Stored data

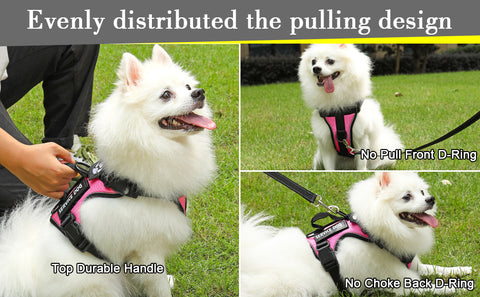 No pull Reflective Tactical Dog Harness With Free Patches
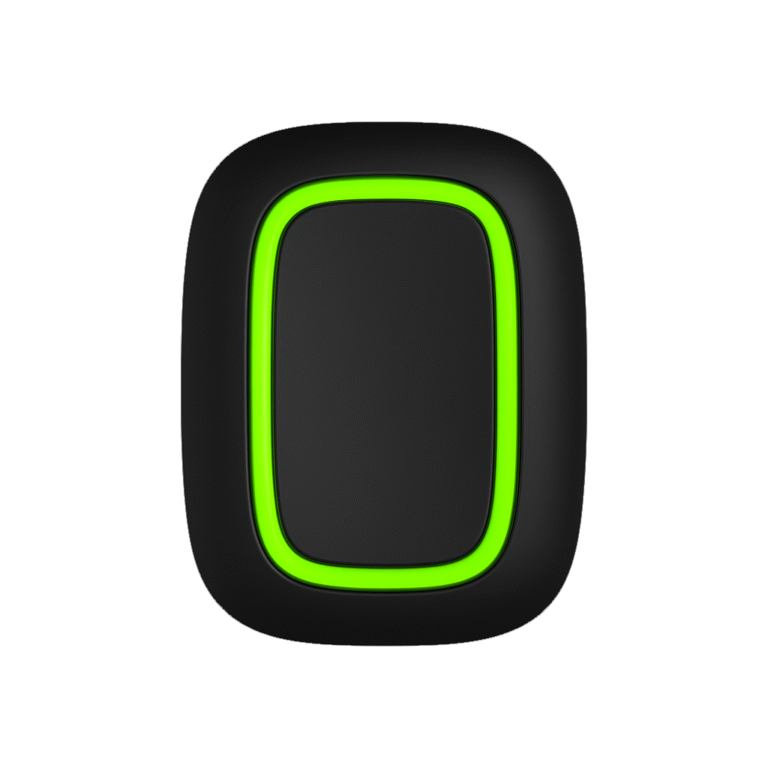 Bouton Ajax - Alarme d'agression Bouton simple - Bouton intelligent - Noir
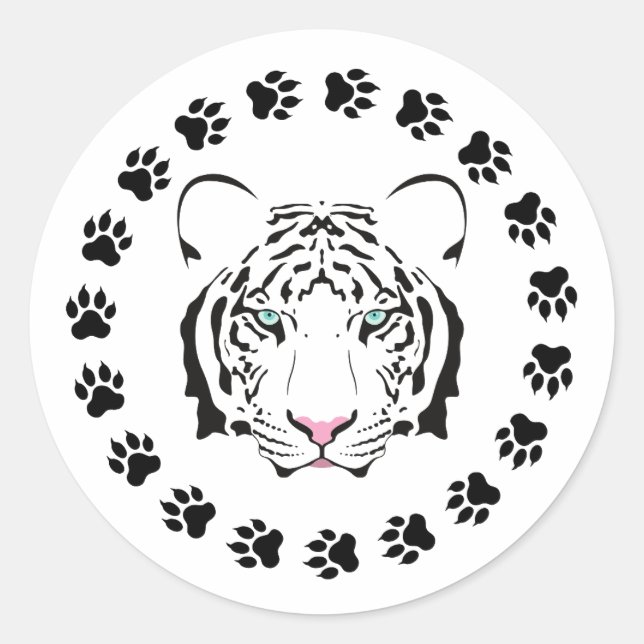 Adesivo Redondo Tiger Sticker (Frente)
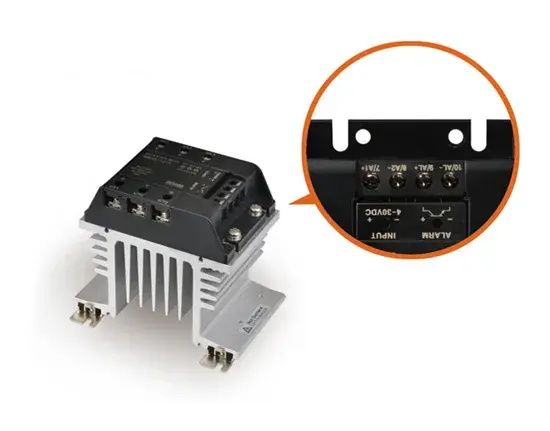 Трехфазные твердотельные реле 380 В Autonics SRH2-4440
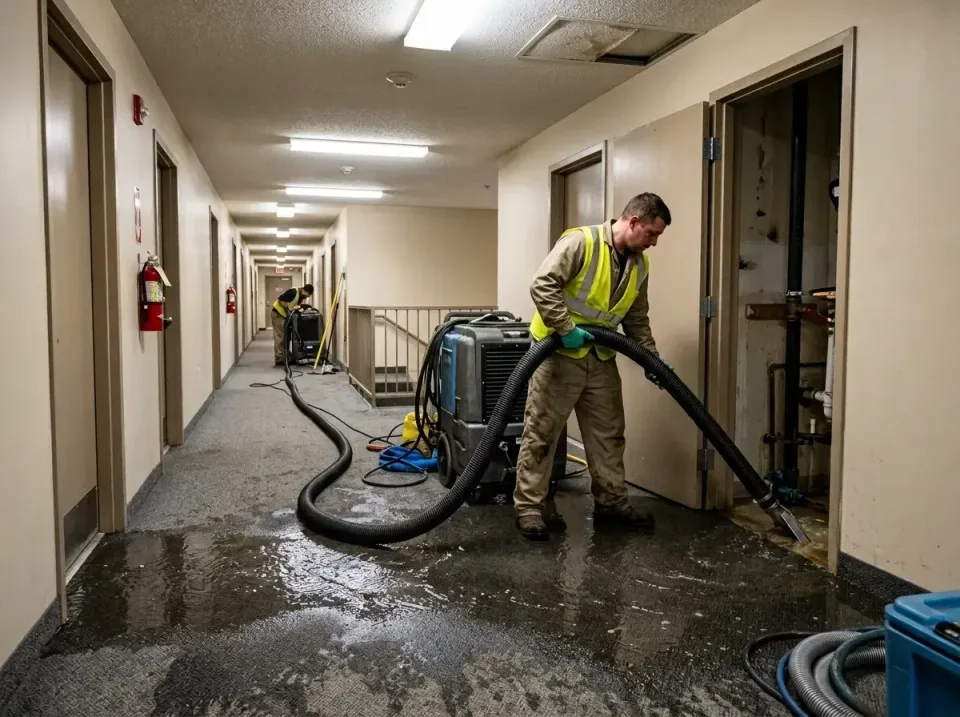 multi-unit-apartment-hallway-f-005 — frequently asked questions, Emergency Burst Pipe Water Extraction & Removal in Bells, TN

» **Task objective**
Restate the data above word for word, omitting every picture.

» **Your solution**
 No pull Reflective Tactical Dog Harness With Free Patches
 Bouton Ajax - Alarme d'agression Bouton simple - Bouton intelligent - Noir
 Adesivo Redondo Tiger Sticker (Frente)
 Трехфазные твердотельные реле 380 В Autonics SRH2-4440
 multi-unit-apartment-hallway-f-005 — frequently asked questions, Emergency Burst Pipe Water Extraction & Removal in Bells, TN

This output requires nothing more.